Preparations before open heart surgery

I was home a matter of 2 days before her open heart surgery was scheduled. We of course were at the hospital visiting 2 days beforehand. We were able to bring our son twice before as well to meet his sister, which was the most adorable thing in the world. He didn’t know any different with all the wires she was hooked up to, he didn’t question it either, I guess in his young mind this is how new babies had to be at the hospital.

The Sunday night before her surgery, we visited and I was finally able to hold her. I haven’t had such tears of joy in a long time. Of course the day my son was born I did and then when I heard her cry when she came into the world, but something about finally having your baby in your arms and looking down at that sweet face can overwhelm and excite you all at once.
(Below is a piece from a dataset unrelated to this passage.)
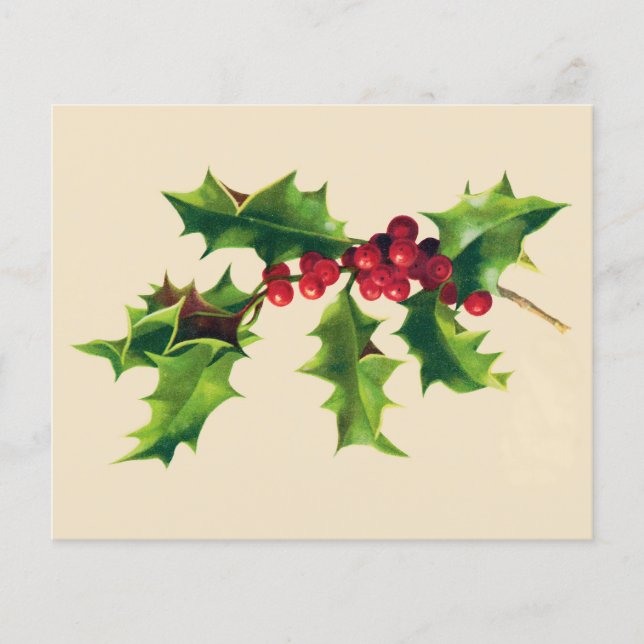 Söt Vintage Holly gren (Framsida)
A funny story with this visit, the nurses had made an adorable sign for outside her door with her name on it, but they had put “Izzy” on there and I about lost it hahahaha. I swore when we named her, her nickname would NOT be “Izzy,” I wanted to call her “Bella.” One because my friend had a dog named Izzy and two because Bella was much prettier to me. The nurse felt so bad, she kept apologizing. But I couldn’t be mad, it was sweet and turned into a joke from there on out. She of course made her a new one right away and we had that nurse several more times after that. The little things they do to make it a little brighter there is amazing, especially being in the PICU with so much stress, beeping, etc.

That Monday night before her surgery my husband and I stayed down at the hospital to be with her and to make sure we were there the next morning for when they were going to take her back for surgery. More doctors and nurses than we’ve ever seen before in/out of course, explaining the procedure, the anesthesia, etc. Again, super over whelming, so much so, I honestly don’t remember half of what they told us. I know I signed off on everything and just kept thinking they better take care of my baby.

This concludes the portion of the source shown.